The way these kind of new binary clauses (like `-a V d`) could be found has been done before as follows:

1. Build graph from binary clauses: literals are vertices and there are edges between vertices `a` and `b` if there is a binary clause `-a V b`
2. Set `a=true` and propagate
3. Check if every propagated fact can be reached starting from the vertex corresponding to `a` in the graph. If it cannot be reached, add the binary clause that represents the edge.

One can say that this algorithm works perfectly. But I am a lazy coder, and I don’t want to implement a graph library into CryptoMiniSat. What’s there to do then? Well, we can achieve the same thing with data structures already present in all modern solvers!

The trick to use is that binary clauses are propagated in a very different manner than normal clauses: they have their own watchlists, and propagating binary clauses is extremely fast. So, instead of trying to fiddle with some overoptimised graph library, we can simply write a routine, called propagateBin(), which only propagates binary clauses already inside the code. We then compare the propagate() and the results of propagateBin() and if something is missing, we add it.

In fact, implementing this algorithm using the above trick is trivial. No use of graph libraries, nothing to do really, just write a 20-line propagateBin(), which itself is just a copy-paste of the first couple of lines of propagate() . A very short side-note: it’s also very fast. We can find 100’000 binary clauses in less than 0.1 seconds. Here is the commit that implements this in CrptoMiniSat. I think it makes sense even for those unfamiliar with the code.

Finally, why am I dumb? Because there must be something amiss here. I can’t believe that people much more knowledgeable in the subject didn’t come up with this idea before. So, they must have, and probably already published it, or, the idea must be really bad, missing elements or is incomplete. If it is complete, however, then hyper-binary resolution is once and for all fast and efficient. Can’t wait for someone to prove me wrong.

# Blocked clause elimination implies dependent variable removal

While writing the description of CryptoMiniSat for the 2010 SAT Race, I have realised how powerful the blocked clause elimination (BCE) technique by Matti Jarvisalo and Armin Biere is. For xor clauses, which represent a simple XOR like

`v1 + v2 + v3 = true`

there is a technique called dependent variable removal by Heule and Maaren. This technique removes an xor clause if one of its variables appears only in one place: in that xor clause. The idea is that since that variable only appears there, the XOR can always be satisfied. For example, if variable `v1` is dependent (i.e. it only appears in this XOR), and

`v2 = true, v3 = true`

then this xor-clause can simply be satisfied by giving `v1 = true`:

`true + true + true = true`

So, variable `v1` can be removed from the problem along with the xor clause, and the value of variable `v1` needs only to be calculated after the solving has finished.

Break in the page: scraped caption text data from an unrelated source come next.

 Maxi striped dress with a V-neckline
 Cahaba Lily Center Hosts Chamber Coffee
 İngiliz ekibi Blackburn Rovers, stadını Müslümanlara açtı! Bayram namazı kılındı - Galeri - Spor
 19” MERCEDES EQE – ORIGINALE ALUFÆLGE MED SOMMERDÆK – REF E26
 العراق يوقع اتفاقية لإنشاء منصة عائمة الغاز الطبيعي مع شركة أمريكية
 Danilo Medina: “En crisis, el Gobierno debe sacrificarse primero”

The great thing about blocked clause elimination, is that it can achieve this automatically, without the use of xor-clauses! Let us convert our xor-clause into regular clauses:

`v1 v2 v3 (1)`
`v1 -v2 -v3 (2)`
`-v1 v2 -v3 (3)`
`-v1 -v2 v3 (4)`

Now, let us try to block these clauses on variable `v1`. Resolving (1) with (3) gives tautology since the result of the resolution,

`v2 v3 v2 -v3`

has both a literal and its negation (`v3` and `-v3`) in it. The same is true for resolving (1) and (4), this time with v2 and -v2. The same happens to (2)&(3) and (2)&(4), too, eventually removing all clauses.

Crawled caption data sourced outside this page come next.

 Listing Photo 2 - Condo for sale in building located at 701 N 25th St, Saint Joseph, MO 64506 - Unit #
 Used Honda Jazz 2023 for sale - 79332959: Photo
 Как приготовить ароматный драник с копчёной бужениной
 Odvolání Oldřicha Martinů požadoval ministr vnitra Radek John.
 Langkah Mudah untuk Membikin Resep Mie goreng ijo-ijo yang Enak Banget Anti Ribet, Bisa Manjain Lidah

So, can blocked clause elimination replace dependent variable removal? I am not sure. Dependent variable removal can be used in conjunction with other methods that treat xor caluses, that can lead to potentially very long XOR chains. These long XOR chains are not well handled through regular clauses, and so they are not created by solvers that don’t handle xor clauses natively — creating them is avoided through heuristic cut-offs. Thus, dependent variable removal can potentially remove more of these XOR-s than blocked clause elimination. But blocked clause elimination can remove clauses that dependent variable elimination cannot. So, I believe there is point in using both.